Exercise directions: Pull each line with the string "Ultrasound" from the entries.

___ Given records ___

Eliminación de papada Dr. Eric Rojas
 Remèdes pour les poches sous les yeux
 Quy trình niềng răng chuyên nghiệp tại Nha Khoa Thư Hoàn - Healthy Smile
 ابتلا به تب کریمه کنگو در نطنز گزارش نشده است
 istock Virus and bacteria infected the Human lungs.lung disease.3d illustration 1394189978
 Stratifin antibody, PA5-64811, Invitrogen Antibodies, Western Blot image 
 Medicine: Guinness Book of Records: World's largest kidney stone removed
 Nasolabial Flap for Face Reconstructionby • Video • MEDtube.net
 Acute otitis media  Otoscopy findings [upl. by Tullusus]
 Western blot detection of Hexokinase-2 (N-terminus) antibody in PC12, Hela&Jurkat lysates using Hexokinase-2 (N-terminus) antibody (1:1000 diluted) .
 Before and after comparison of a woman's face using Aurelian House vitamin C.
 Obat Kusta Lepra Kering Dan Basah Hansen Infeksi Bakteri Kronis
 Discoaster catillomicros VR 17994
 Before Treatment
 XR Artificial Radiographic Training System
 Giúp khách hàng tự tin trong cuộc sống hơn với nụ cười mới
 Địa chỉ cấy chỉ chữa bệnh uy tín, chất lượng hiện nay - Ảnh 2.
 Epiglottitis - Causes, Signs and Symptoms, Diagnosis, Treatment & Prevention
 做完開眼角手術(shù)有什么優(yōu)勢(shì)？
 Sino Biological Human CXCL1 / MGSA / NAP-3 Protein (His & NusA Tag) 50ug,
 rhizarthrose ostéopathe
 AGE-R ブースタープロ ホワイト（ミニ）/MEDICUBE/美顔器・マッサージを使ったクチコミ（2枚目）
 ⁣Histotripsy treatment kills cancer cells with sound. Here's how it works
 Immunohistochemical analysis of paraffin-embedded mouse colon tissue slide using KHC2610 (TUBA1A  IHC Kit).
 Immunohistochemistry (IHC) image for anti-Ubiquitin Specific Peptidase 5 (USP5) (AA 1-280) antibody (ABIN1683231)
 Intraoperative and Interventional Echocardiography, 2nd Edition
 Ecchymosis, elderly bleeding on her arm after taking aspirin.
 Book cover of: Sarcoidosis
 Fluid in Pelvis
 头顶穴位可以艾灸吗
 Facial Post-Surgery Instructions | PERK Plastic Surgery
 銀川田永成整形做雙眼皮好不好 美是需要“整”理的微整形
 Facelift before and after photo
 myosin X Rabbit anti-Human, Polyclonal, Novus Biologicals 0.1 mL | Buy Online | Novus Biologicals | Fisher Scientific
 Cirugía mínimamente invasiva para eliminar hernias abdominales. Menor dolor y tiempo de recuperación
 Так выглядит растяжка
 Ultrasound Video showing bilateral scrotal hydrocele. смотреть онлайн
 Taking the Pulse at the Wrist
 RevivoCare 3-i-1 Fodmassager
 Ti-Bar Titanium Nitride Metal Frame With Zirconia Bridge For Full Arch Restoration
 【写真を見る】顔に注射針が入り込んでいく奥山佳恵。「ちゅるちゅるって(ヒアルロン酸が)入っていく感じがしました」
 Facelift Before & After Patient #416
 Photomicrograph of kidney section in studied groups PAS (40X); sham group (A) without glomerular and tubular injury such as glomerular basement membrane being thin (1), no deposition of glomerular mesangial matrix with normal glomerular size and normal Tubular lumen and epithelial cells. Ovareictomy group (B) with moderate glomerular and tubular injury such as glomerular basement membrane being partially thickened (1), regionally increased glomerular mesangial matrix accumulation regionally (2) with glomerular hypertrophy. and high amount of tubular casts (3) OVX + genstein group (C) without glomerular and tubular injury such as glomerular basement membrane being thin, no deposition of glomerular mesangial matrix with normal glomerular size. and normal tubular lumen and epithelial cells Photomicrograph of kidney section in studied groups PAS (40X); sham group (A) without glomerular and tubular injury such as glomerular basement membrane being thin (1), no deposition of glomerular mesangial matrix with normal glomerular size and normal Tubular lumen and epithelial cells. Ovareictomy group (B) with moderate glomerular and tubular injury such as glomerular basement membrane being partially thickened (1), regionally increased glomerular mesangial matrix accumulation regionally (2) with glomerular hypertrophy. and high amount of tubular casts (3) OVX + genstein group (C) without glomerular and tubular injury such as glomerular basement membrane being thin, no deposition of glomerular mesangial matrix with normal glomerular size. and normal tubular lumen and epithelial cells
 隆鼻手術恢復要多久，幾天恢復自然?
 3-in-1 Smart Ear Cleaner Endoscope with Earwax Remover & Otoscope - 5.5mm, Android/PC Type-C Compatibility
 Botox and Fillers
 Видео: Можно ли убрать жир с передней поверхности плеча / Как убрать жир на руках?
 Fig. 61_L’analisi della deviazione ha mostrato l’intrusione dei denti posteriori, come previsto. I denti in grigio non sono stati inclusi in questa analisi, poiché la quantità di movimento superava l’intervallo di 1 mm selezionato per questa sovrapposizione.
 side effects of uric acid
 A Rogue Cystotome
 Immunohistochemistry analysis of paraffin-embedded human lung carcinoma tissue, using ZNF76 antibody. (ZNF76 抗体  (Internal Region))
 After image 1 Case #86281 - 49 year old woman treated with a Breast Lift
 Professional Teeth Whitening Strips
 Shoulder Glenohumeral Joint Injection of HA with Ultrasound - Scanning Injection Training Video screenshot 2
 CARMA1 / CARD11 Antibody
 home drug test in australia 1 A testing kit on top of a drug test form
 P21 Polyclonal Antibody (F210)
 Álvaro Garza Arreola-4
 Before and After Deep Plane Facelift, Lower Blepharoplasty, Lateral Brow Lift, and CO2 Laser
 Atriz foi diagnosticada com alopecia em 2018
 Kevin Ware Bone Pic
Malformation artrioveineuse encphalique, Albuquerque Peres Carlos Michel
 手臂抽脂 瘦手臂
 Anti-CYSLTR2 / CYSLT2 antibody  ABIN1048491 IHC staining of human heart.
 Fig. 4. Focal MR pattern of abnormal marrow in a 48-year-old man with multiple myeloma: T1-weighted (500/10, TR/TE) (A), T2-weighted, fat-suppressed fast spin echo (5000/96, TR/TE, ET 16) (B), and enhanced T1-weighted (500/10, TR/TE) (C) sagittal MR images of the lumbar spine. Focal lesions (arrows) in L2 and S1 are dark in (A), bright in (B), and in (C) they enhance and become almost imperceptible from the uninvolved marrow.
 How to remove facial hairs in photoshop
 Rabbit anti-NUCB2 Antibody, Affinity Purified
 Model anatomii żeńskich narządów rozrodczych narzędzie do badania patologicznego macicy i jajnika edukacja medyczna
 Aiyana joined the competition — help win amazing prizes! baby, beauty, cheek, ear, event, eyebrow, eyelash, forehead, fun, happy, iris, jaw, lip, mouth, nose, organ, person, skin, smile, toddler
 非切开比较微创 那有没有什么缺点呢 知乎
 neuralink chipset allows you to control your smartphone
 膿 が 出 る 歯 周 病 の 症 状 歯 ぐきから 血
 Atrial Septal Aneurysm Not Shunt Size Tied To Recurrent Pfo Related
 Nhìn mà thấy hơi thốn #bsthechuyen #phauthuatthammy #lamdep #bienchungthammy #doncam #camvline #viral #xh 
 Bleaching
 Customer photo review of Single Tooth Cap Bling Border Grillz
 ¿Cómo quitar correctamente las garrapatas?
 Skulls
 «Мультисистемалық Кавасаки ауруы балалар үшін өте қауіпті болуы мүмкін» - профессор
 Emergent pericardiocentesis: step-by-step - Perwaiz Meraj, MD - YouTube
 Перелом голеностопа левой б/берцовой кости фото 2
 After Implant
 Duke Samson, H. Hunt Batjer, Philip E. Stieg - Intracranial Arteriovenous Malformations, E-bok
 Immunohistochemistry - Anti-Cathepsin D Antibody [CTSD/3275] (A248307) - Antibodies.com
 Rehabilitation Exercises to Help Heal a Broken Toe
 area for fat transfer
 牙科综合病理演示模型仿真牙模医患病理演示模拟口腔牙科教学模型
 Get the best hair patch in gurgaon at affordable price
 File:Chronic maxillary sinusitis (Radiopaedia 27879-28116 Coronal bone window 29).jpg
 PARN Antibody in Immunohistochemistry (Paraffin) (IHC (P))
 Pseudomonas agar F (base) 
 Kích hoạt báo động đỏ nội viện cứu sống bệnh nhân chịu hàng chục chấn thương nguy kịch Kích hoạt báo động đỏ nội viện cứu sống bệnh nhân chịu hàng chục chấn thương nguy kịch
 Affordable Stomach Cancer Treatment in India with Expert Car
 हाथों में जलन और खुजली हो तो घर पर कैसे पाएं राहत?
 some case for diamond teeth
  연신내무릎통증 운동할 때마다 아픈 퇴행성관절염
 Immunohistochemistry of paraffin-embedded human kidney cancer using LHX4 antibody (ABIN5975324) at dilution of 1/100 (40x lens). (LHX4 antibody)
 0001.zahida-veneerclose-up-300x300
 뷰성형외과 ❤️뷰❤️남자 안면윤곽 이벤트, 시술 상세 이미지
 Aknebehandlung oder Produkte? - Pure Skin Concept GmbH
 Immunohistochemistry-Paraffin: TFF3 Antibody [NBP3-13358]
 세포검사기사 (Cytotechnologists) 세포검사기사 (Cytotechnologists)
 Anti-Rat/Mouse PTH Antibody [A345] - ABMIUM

___

The completed task:
 Ultrasound Video showing bilateral scrotal hydrocele. смотреть онлайн
 Shoulder Glenohumeral Joint Injection of HA with Ultrasound - Scanning Injection Training Video screenshot 2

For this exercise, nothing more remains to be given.